Working Capital – Where’s The Cash?

working capital
Working capital
Remember the Wendy’s fast food chain tagline, “Where’s the Beef?” Buyers ask, “Where’s The Cash?”

Working capital is essential to operating a successful business. There must be free flowing cash to pay the bills. Simply stated, CASH makes the economy function and credit is the great (cash) enhancer!

Buyers, sellers, business brokers and other professionals need to not only understand working capital, but know how to leverage it to close more deals.

Most accountants agree that the definition of working capital is current assets minus current liabilities. This is the acid test of financial analysts.
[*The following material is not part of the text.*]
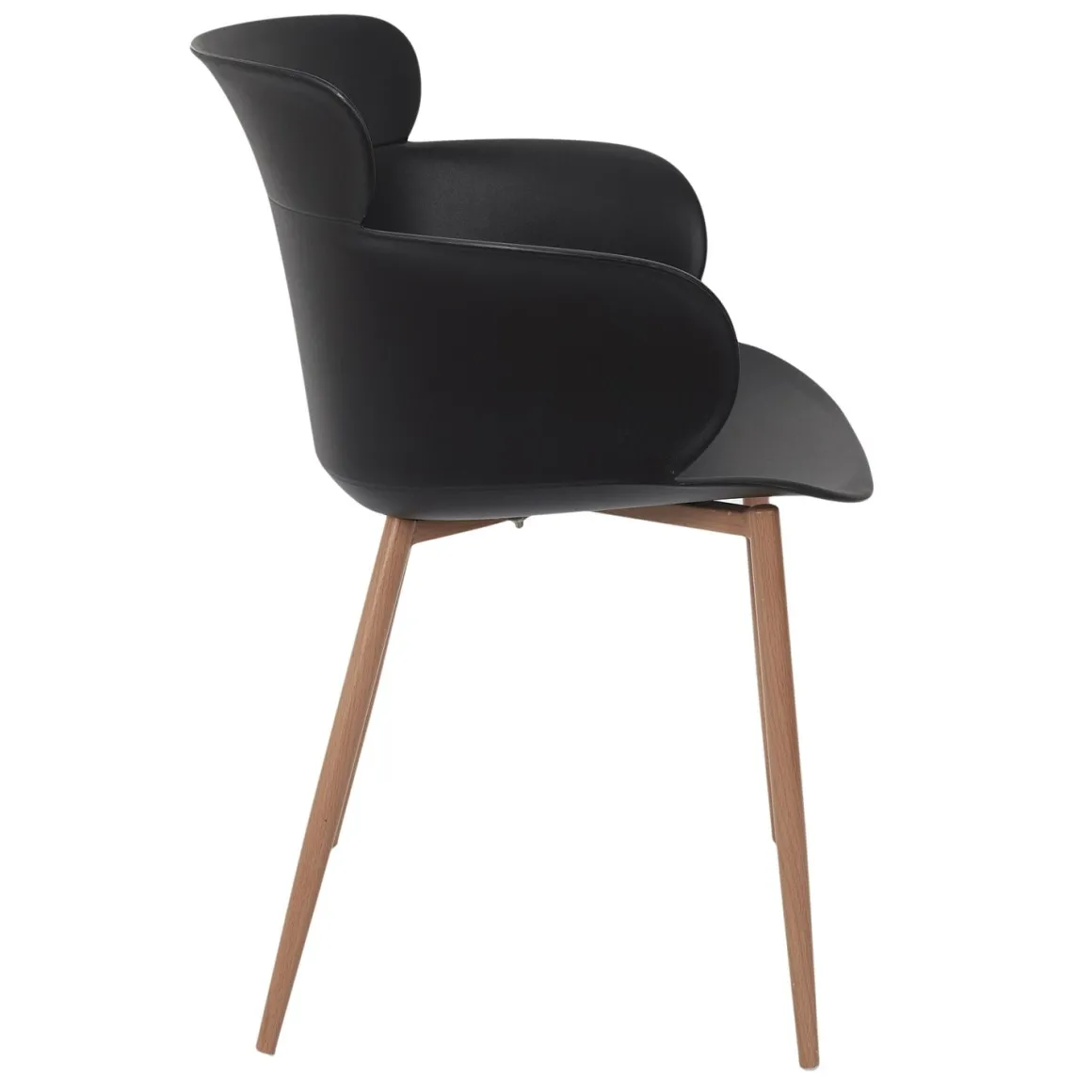 La Chaise Longue Mobilier-FAUTEUIL LORENS NOIR - Lot de 2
Business owners and managers know that the working capital available to them is the sum of the following:

  1. Cash on hand and in the bank.
  2. Customer accounts receivable to be collected soon, as in immediately
  3. Inventory that can be converted to saleable products, sold, converted to cash or customer accounts receivable in 30 days or less.
  4. Vendor accounts payable owed to suppliers of products and services sold to the company on “open” account. Typically with payment terms under 30 days and discounts offered for 10 day payment.
  5. Open bank lines of credit (LOC).

Business owners’ number one concern is running short of cash to meet their immediate obligations, such as rent to the landlord, payroll to employee and payroll taxes to the IRS.

Business brokers should know what makes up working capital and how to advise buyers and sellers to structure deals.

Working capital is:

  1. Cash, plus
  2. Customer accounts receivable, plus
  3. Inventory, plus
  4. Vendor accounts payable, EQUALS
  5. TOTAL WORKING CAPITAL

Business owners usually do not think about the impact of working capital on the buyer of their business or more bluntly, it’s not their problem. Learn to advise sellers that including customer accounts receivable, inventory and vendor accounts payable in the transaction. It will enhance the likelihood of a successful sale. Business brokers are well served to begin influencing the business owner early in the process to help close the gap on deals.

Explain to sellers that asset sales for businesses do not include the sale of cash, but maintaining adequate working capital in the business is essential for a buyer’s success. Inadequate working capital in the business makes it near impossible for most buyers to obtain financing to buy the business.

Inform buyers on working capital dynamics of the business. Try to determine if buyers have the financial clout to borrow more money than the amount required to get financed. Buyers need to understand that they should have other funding sources available in the event more working capital is needed after the transaction closes.

Customer accounts receivable is usually the first additional business asset the business owner/seller wants to exclude. Their position is that they have already earned this money.

Vendor accounts payable are another misunderstood item. This line item is unsecured debt owed to the vendor. By negotiating a similar credit granting practice with approved credit, the buyer is getting a “free loan” from the vendor and reduces the buyer’s obligation from personal funds or a lender. Simply put, debts assumed by a buyer is the same as cash paid to the seller by the buyer.

All parties are well served to have direct working capital discussions between buyer and seller with the business broker during site visits and prior to an offer.